InterSpeech 2021

Anonymous speaker clusters: Making distinctions between anonymised speech recordings with clustering interface
(longer introduction)

Benjamin O’Brien (LPL (UMR 7309), France), Natalia Tomashenko (LIA (EA 4128), France), Anaïs Chanclu (LIA (EA 4128), France), Jean-François Bonastre (LIA (EA 4128), France)
Our study examined the performance of evaluators tasked to group natural and anonymised speech recordings into clusters based on their perceived similarities. Speech stimuli were selected from the VCTK corpus; two systems developed for the VoicePrivacy 2020 Challenge were used for anonymisation. The Baseline-1 (B1) system was developed by using x-vectors and neural waveform models, while the Baseline-2 (B2) system relied on digital-signal-processing techniques. 74 evaluators completed three trials composed of 16 recordings with either natural or anonymised speech generated from a single system. F-measure and cluster purity metrics were used to assess evaluator accuracy. Probabilistic linear discriminant analysis (PLDA) scores from an automatic speaker verification system were generated to quantify similarity between recordings and used to correlate subjective results. Our findings showed that non-native English speaking evaluators significantly lowered their F-measure means when presented anonymised recordings. We observed no significance for cluster purity.

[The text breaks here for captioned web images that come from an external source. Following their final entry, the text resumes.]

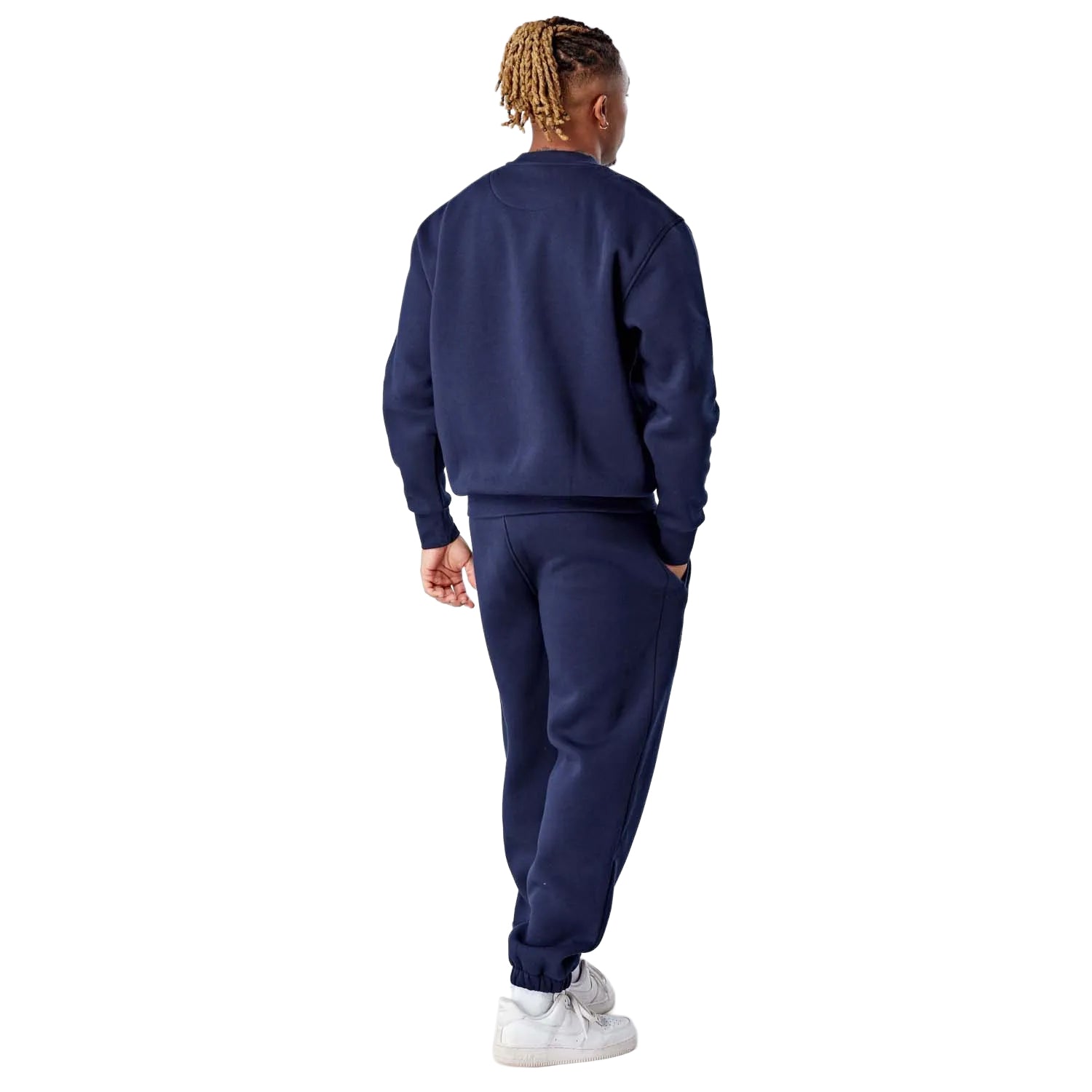 Navy - Back - Mercier Mens Academy Jogging Bottoms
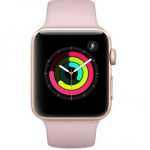 ساعت هوشمند اپل واچ سری 3 جی پی اس مدل 38mm Aluminum Case with Black Sport Silicon Band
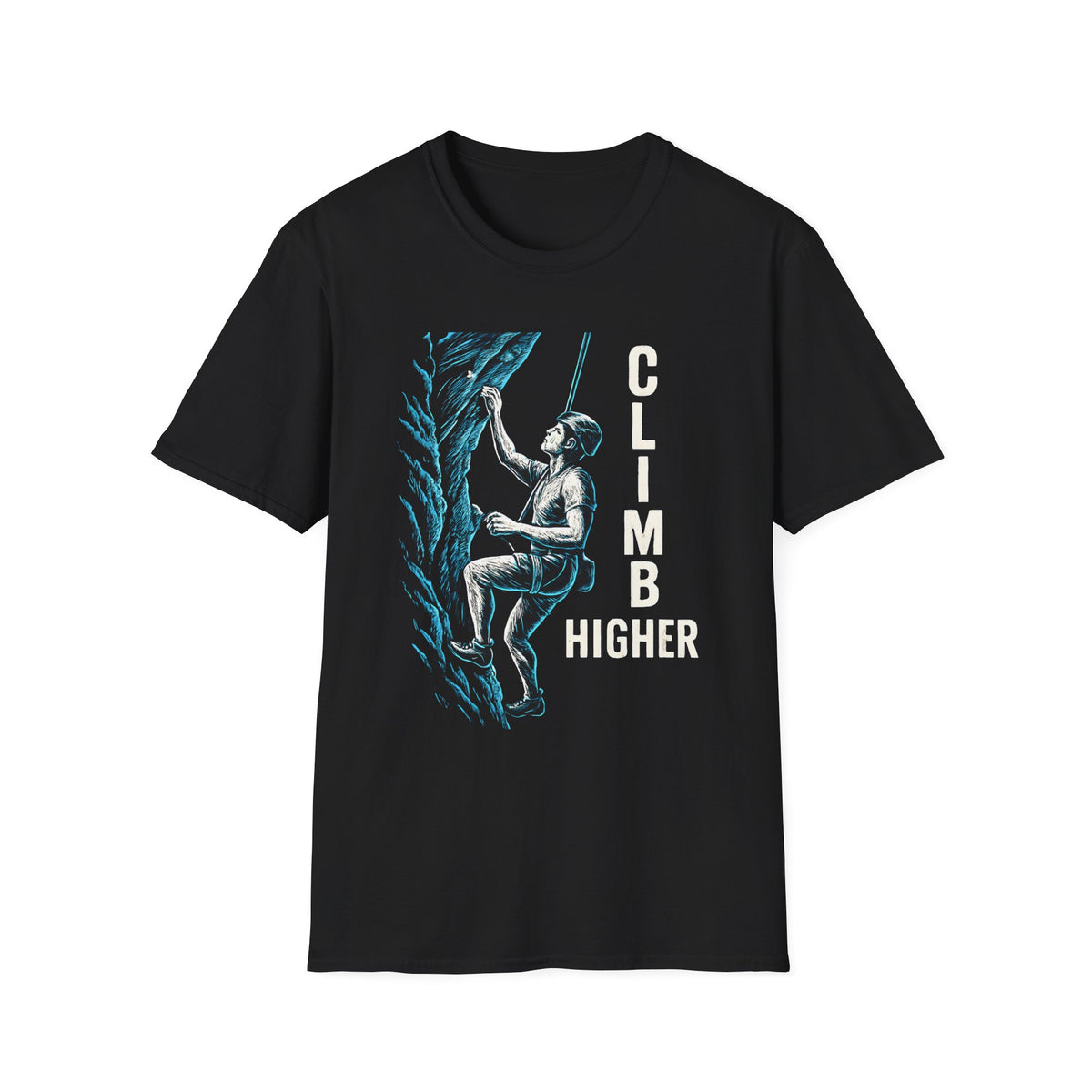 Climber Scaling Cliff T-Shirt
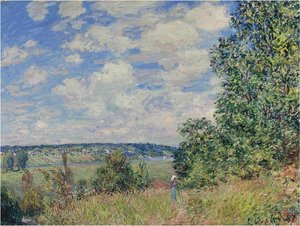La Fenaison Apre Midi Juin — Alfred Sisley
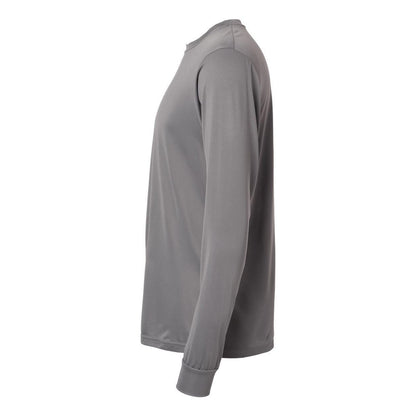 Graphite - Side - Augusta Sportswear Performance Long Sleeve T-Shirt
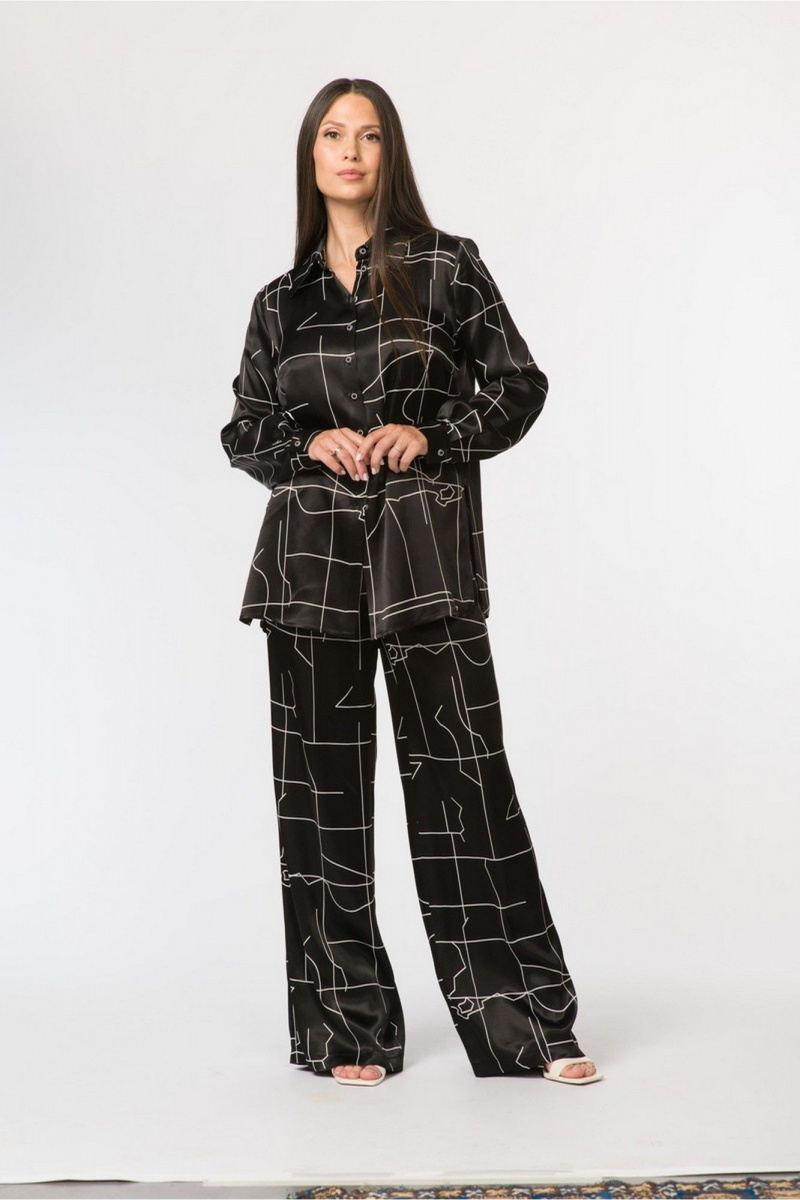 Блузы FASHION CENTRE В-3768 черный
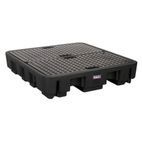 Sealey DRP18 Barrel Bund Polyethylene 1380 x 1290 x 280mm 4 Drum additional 1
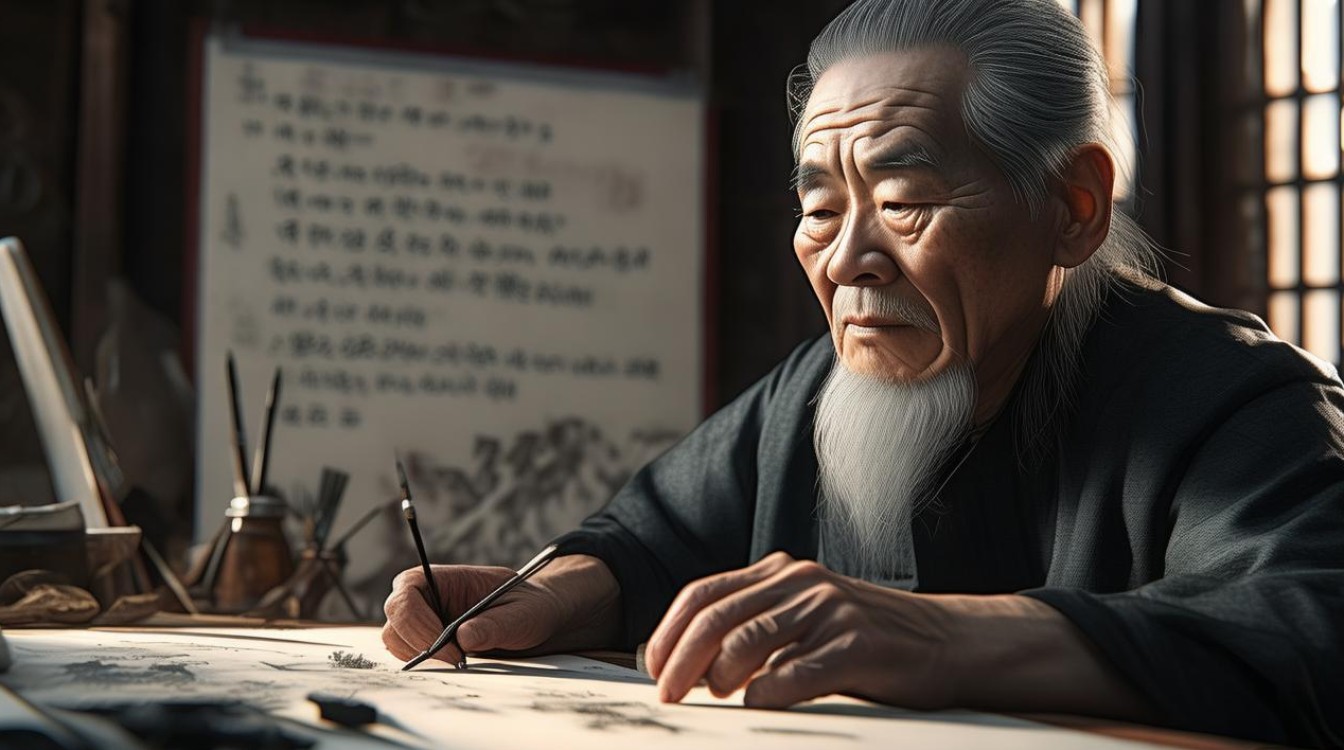 老画家梁旭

Pearson correlation procedures revealed that PLDA scores generated from natural and B2-anonymised speech recordings correlated positively to F-measure and cluster purity metrics. These findings show evaluators were able to use the interface to cluster natural and anonymised speech recordings and suggest anonymisation systems modelled like B1 are more effective at suppressing identifiable speech characteristics.